This week, I signed on to Mayors’ Compact to Combat Hate, Extremism and Bigotry, sponsored by the U.S. Conference of Mayors and the Anti-Defamation League.

It is painful to think that such compacts are necessary, but what else can one conclude from recent events?

In his surreal news conference on Tuesday, President Trump said that there were “good people” among those protesting the removal of Confederate monuments in Charlottesville.  Mr. President, “good people” do not participate in torch-lit marches with Nazis and Klansmen, and it requires a deeply distorted view of human nature and of American history to believe otherwise.

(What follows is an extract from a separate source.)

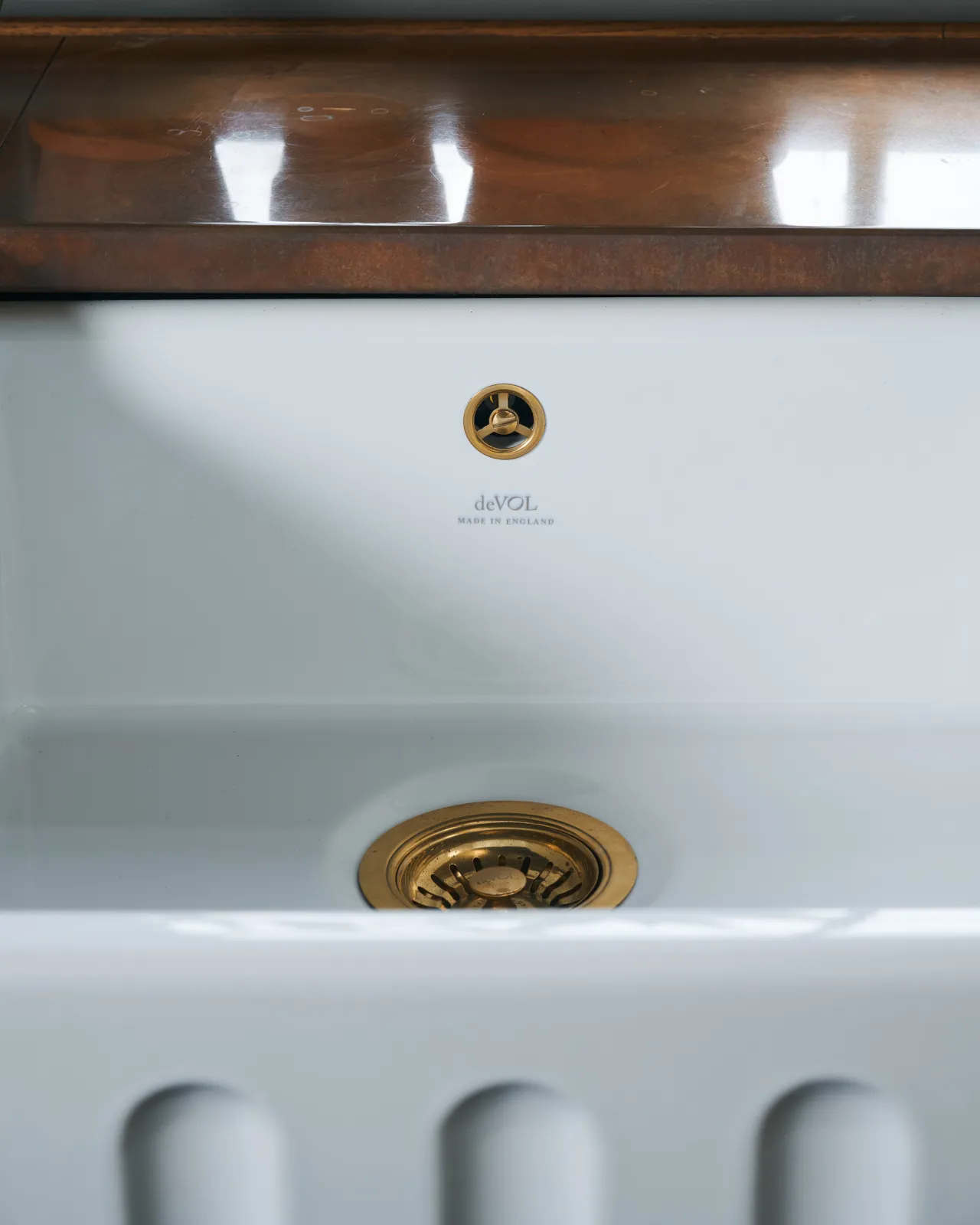 A close-up straight-on view of a fluted ceramic Belfast sink.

An ominous cloud is fast spreading across our country, darkening by the day, casting ugly shadows that extend beyond the typical landscape of political and civic debate.  Yes, self-identified Nazis and White Supremacists still constitute only a tiny fraction of the population, but to believe the polls, at least a third of Americans greet the President’s actions and statements in this matter with approval.  Some additional percentage are indifferent, or willing to rationalize in service of other purposes, or believe mistakenly that this is all normal.  It is not.

Those who think that the worst couldn’t happen here, couldn’t happen to us, should remember what Germany was before the madness came: a free, democratic nation with a thriving, creative culture.  One of history’s many sobering lessons is that civilization confers no immunity to hatred.  Societies that do not cherish, defend, and uphold the institutions of liberal democracy are at risk of losing them.

Donald Trump long ago abdicated any claim to moral leadership.  This episode is only the latest low.  There are more lows to come.  If the President will not affirm our nation’s most fundamental and hard-won values, then it is even more important for leaders at others levels of government and in all fields to speak with clarity and without equivocation.  I will do so at every opportunity.